Exercise aim
Extract the line that contains "Foto del edificio" and every line after it through the end of the records below, exactly as written, leaving out any pictures.

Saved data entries
[Start of section]
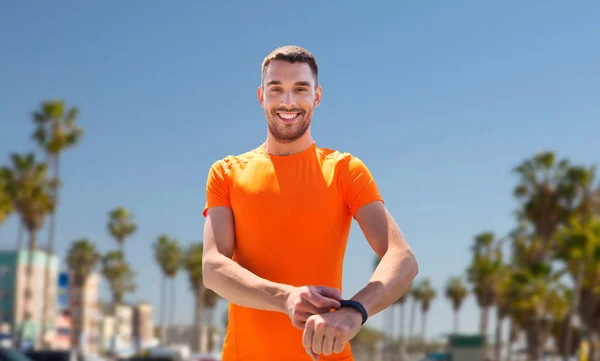 Man with fitness tracker training outdoors — Stock Photo, Image
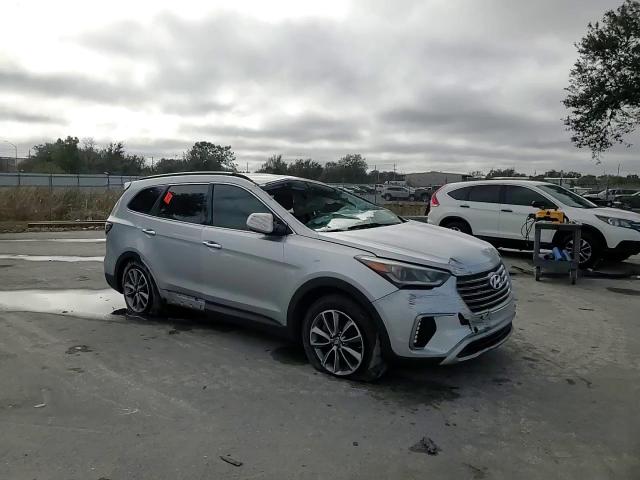 2017 Hyundai Santa Fe - Image 12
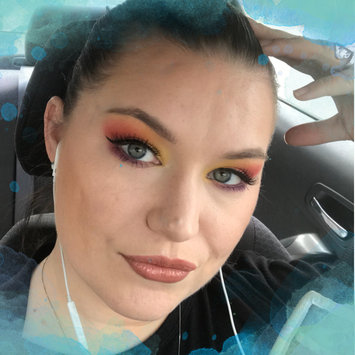 Photo of M.A.C Cosmetics Eyeshadow uploaded by Vanessa E.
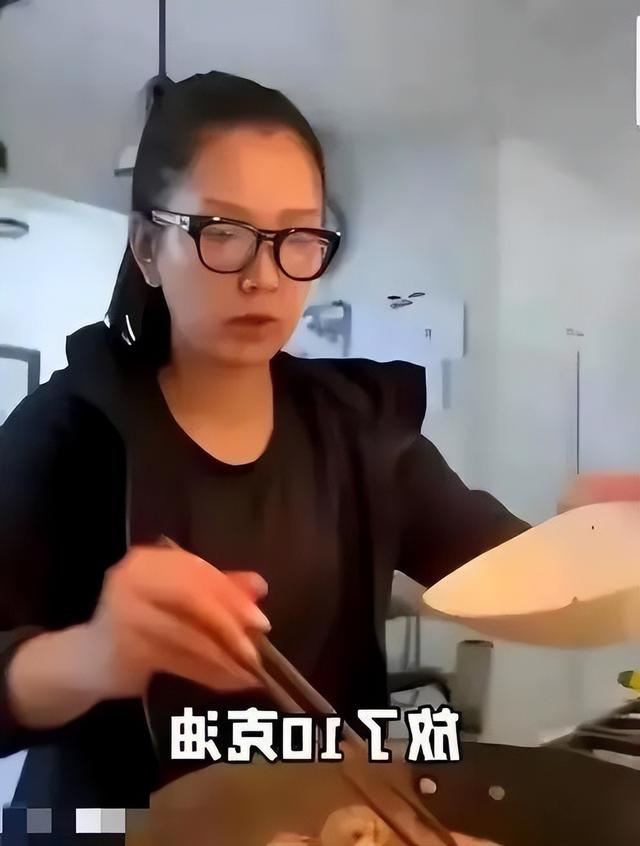 40岁何洁瘦成排骨胸！带三个孩子 为了生活经常直播到凌晨三四点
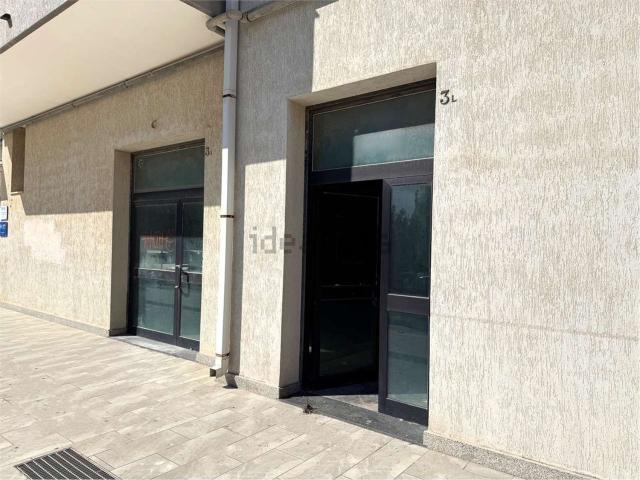 Locale Commerciale in vendita a Sant'Angelo, Puglia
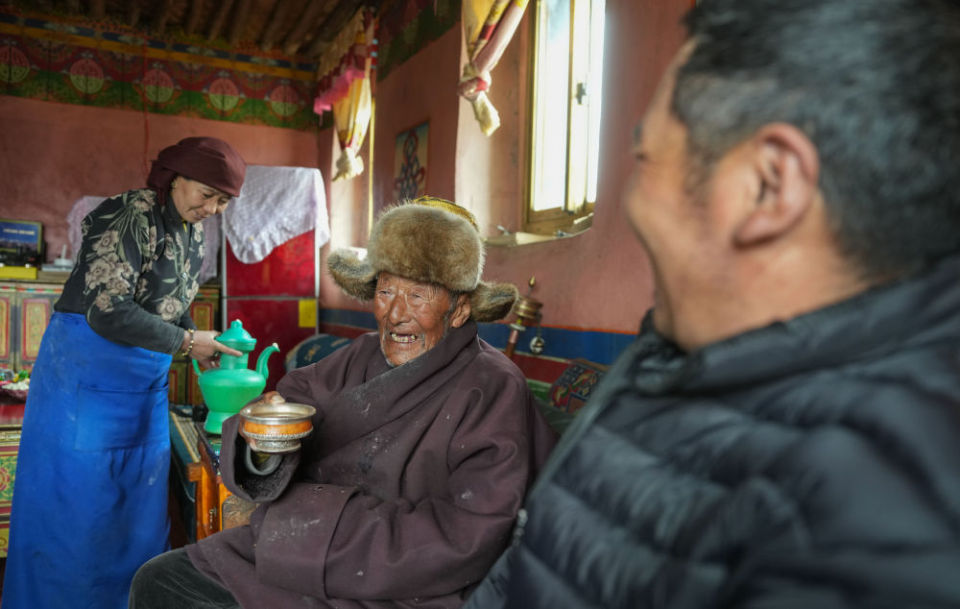 新华全媒+｜苦难和新生——西藏翻身农奴影像档案：索扎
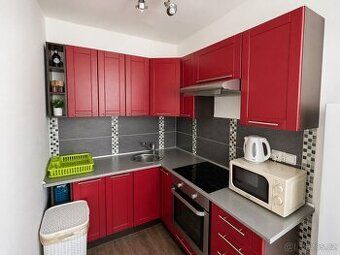 Nabízíme k prodeji byt o dispozici 1+1 a užitné ploše 27 m²,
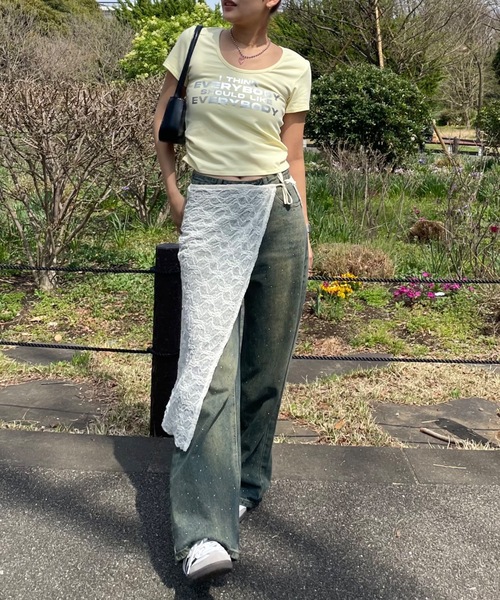 SHAGGIE（シャギー）の「サイドシャーリングUネックTeeシャツ（Tシャツ/カットソー・レディース・ブラック/ホワイト/イエロー/ライトブルー/ネイビー・FREE）」の9枚目の写真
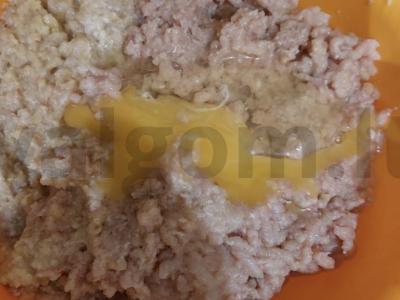 Vištienos kotletai su bulvėmis Žingsnis 4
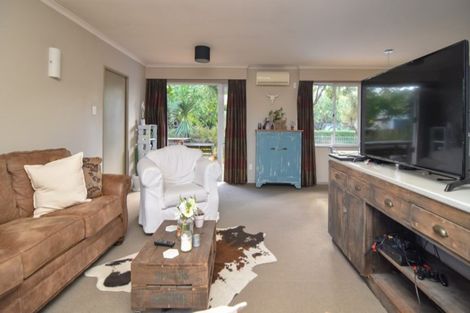 Photo of property in 23 Armstrong Avenue, Carterton, 5713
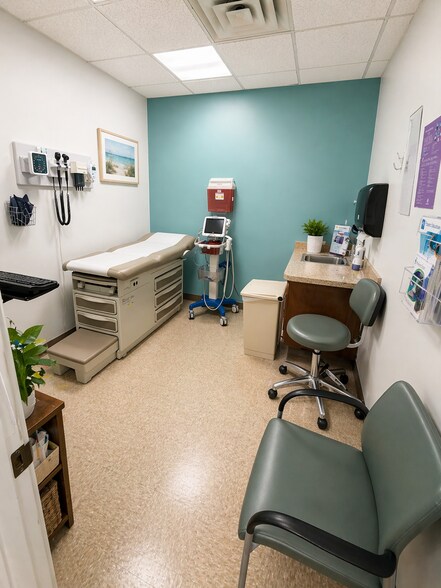More Photos Of 3896 N Federal Hwy, Lighthouse Point Medical For Lease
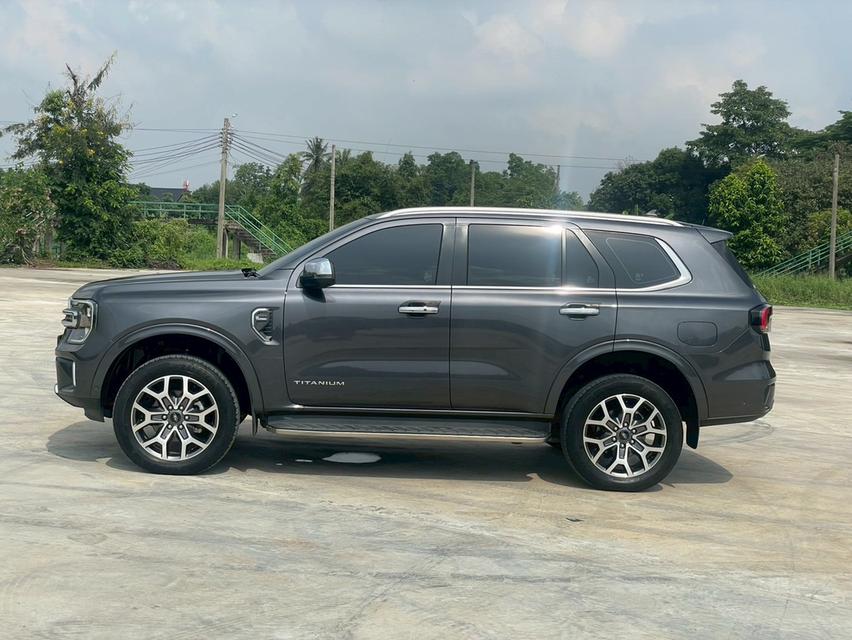 FORD EVEREST Y22 a 23 Wagon 4dr Titanium+7stAuto 4WD 2.0DTTi (Bi-Turbo) 10sp สีเทาดำ  3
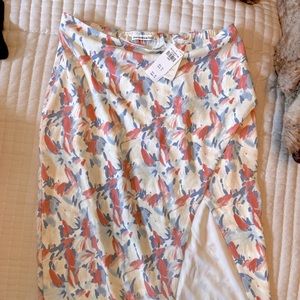 MIDI skirt with side slit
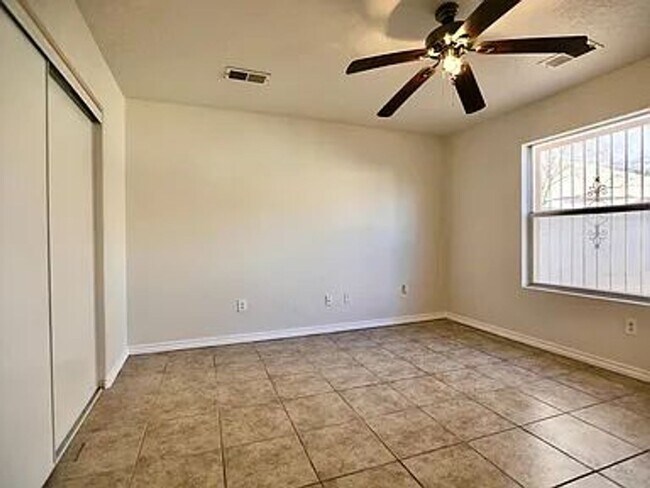 Foto del edificio - Charming 3-Bedroom Home in a Peaceful, Con...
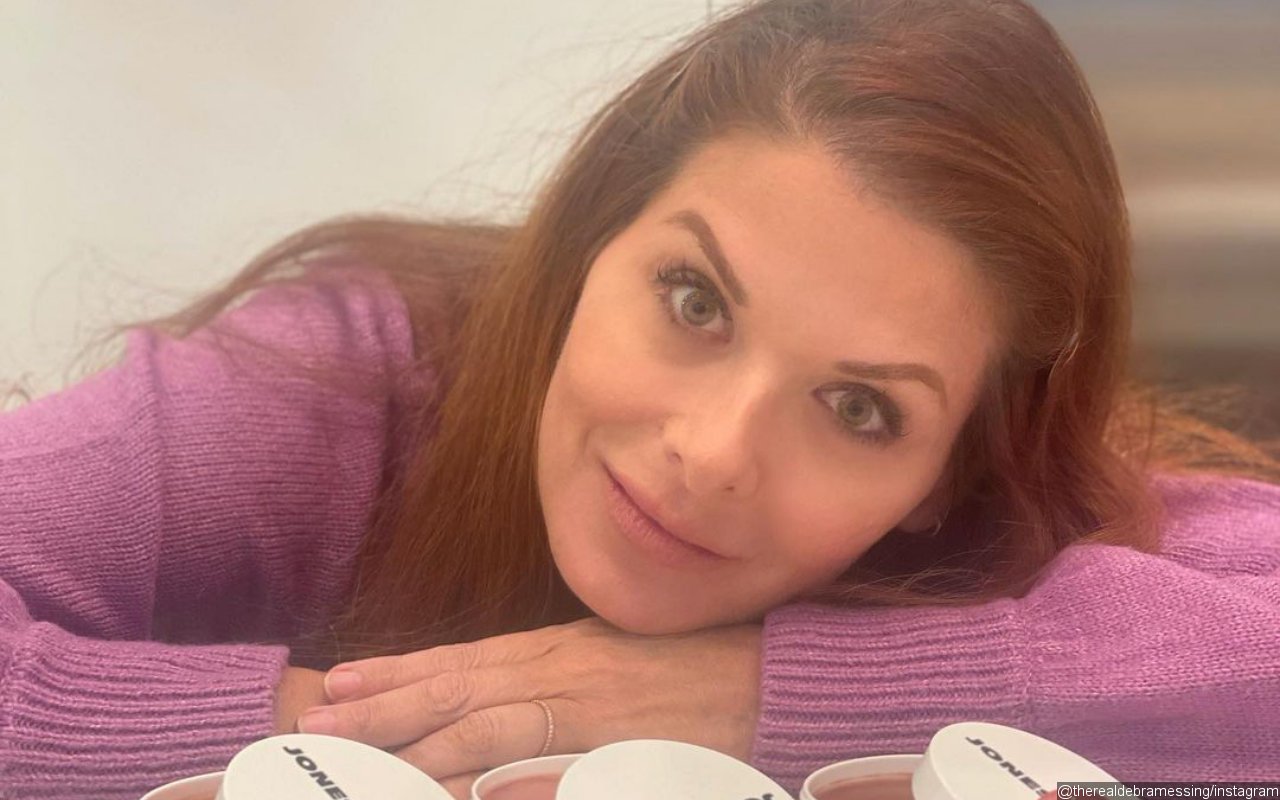 Debra Messing Contracts COVID-19 Nearing 'Perfect End' of 2021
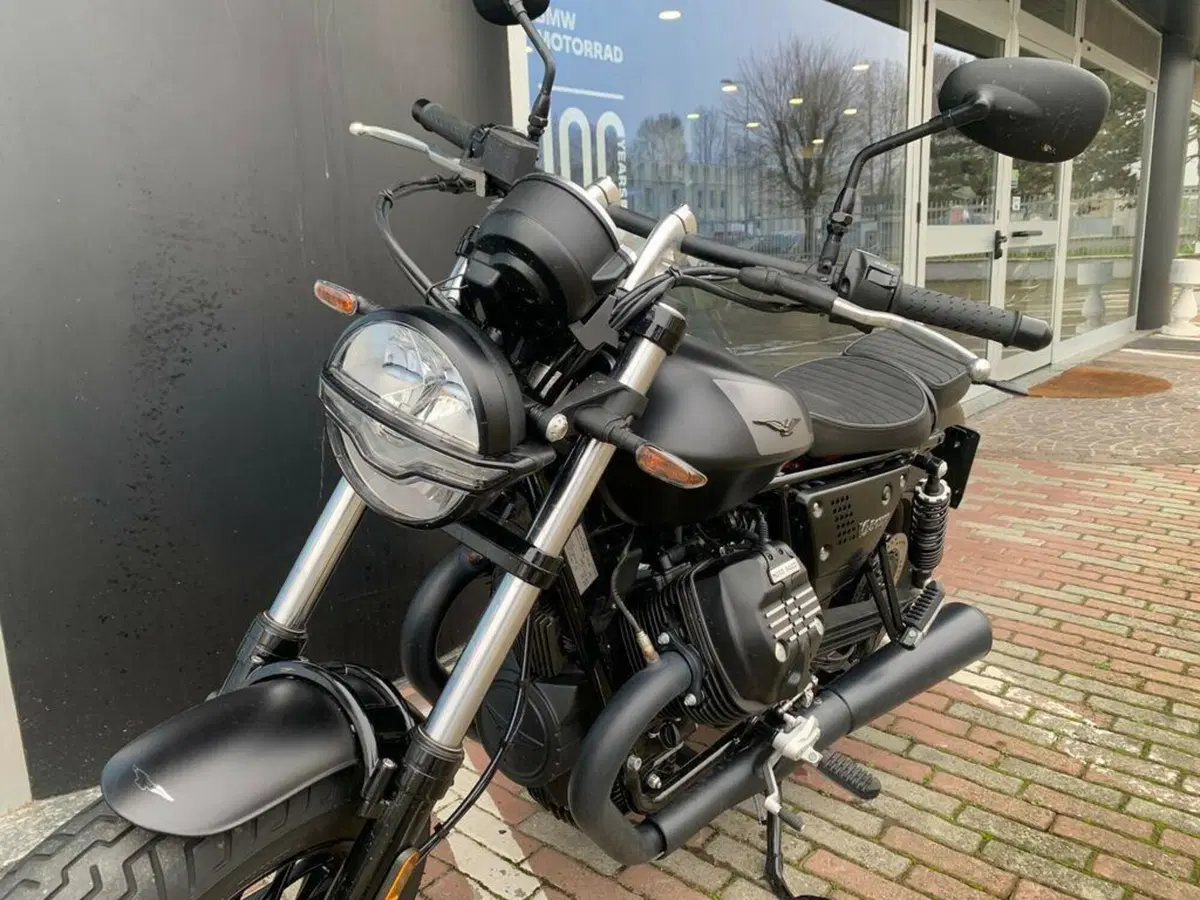 Moto Guzzi V9 Bobber (2021 - 25) (2)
[End of section]
Written answer
 Foto del edificio - Charming 3-Bedroom Home in a Peaceful, Con...
 Debra Messing Contracts COVID-19 Nearing 'Perfect End' of 2021
 Moto Guzzi V9 Bobber (2021 - 25) (2)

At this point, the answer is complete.